> Aim of the task: In the entries below, which lines run from the one with "STREET VIEW : Comment" through the one with "Then & Now: From"? Repeat exactly those, both included, and no pictures.

> Data excerpts:
----
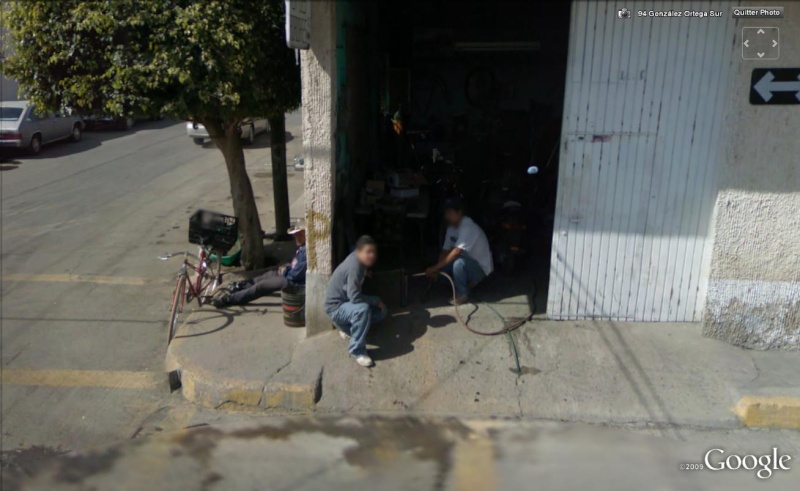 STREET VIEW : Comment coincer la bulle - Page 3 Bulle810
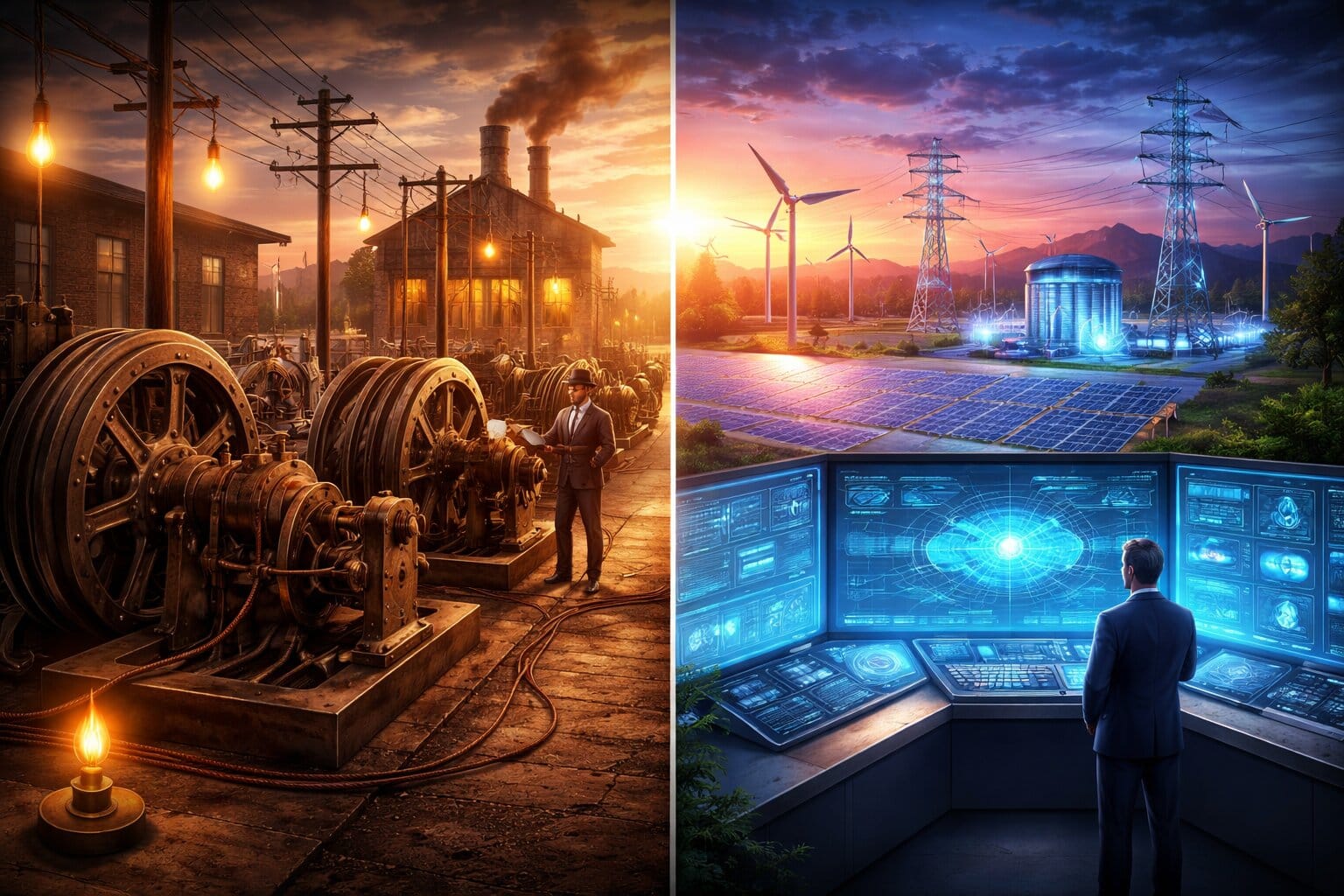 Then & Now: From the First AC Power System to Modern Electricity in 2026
----
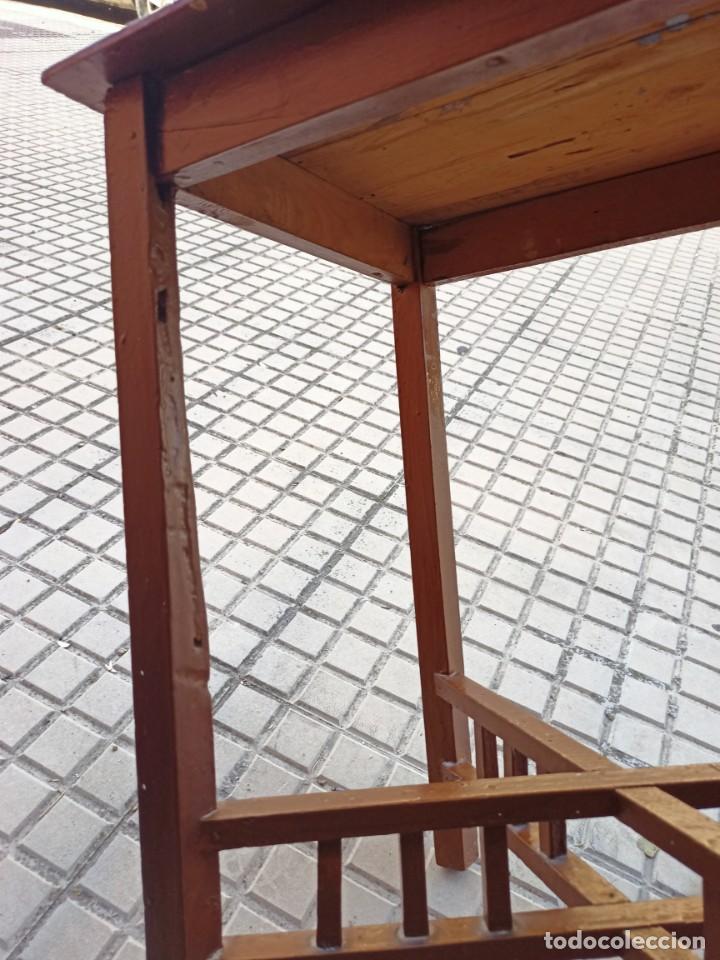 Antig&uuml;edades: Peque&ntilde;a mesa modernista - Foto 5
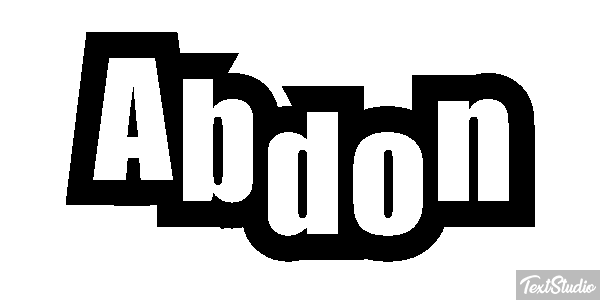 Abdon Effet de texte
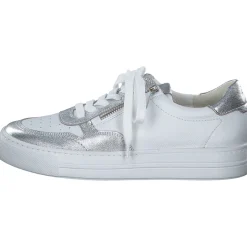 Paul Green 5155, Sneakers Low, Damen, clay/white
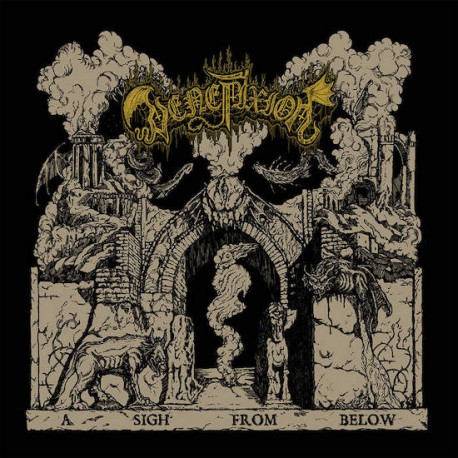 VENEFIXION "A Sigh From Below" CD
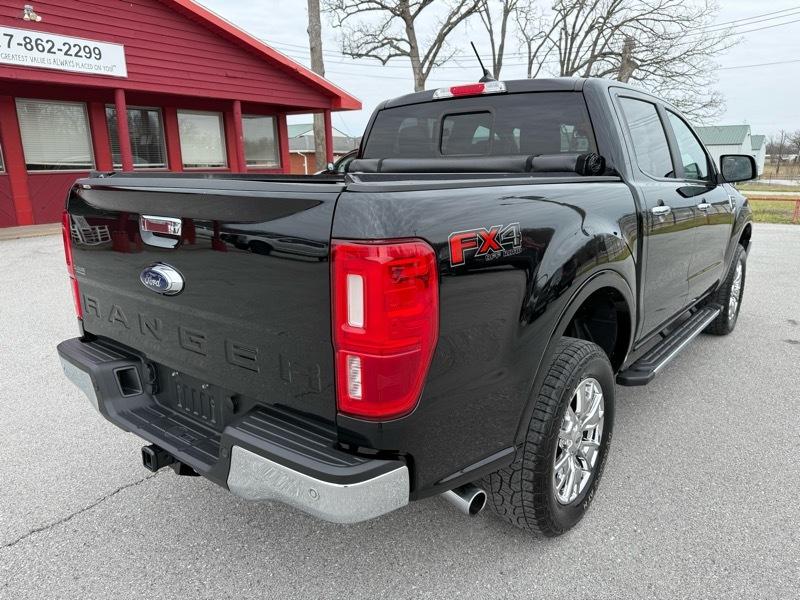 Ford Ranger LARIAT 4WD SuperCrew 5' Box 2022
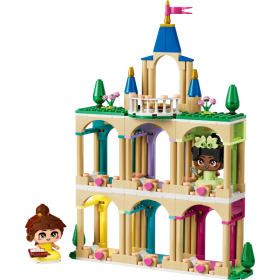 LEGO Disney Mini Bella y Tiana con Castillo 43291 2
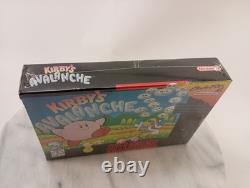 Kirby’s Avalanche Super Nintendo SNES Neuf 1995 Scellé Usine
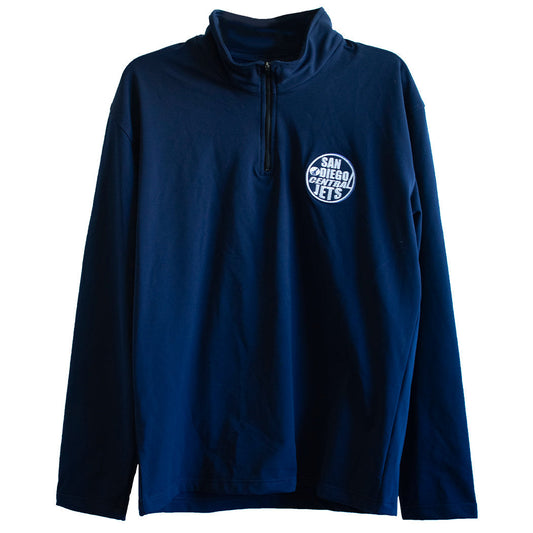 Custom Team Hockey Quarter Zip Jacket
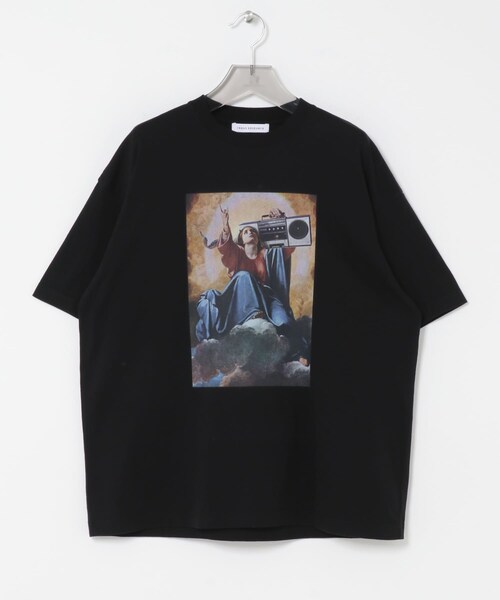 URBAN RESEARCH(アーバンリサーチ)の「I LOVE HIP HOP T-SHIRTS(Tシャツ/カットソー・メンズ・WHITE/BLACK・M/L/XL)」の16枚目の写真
----
> Reply:
 STREET VIEW : Comment coincer la bulle - Page 3 Bulle810
 Then & Now: From the First AC Power System to Modern Electricity in 2026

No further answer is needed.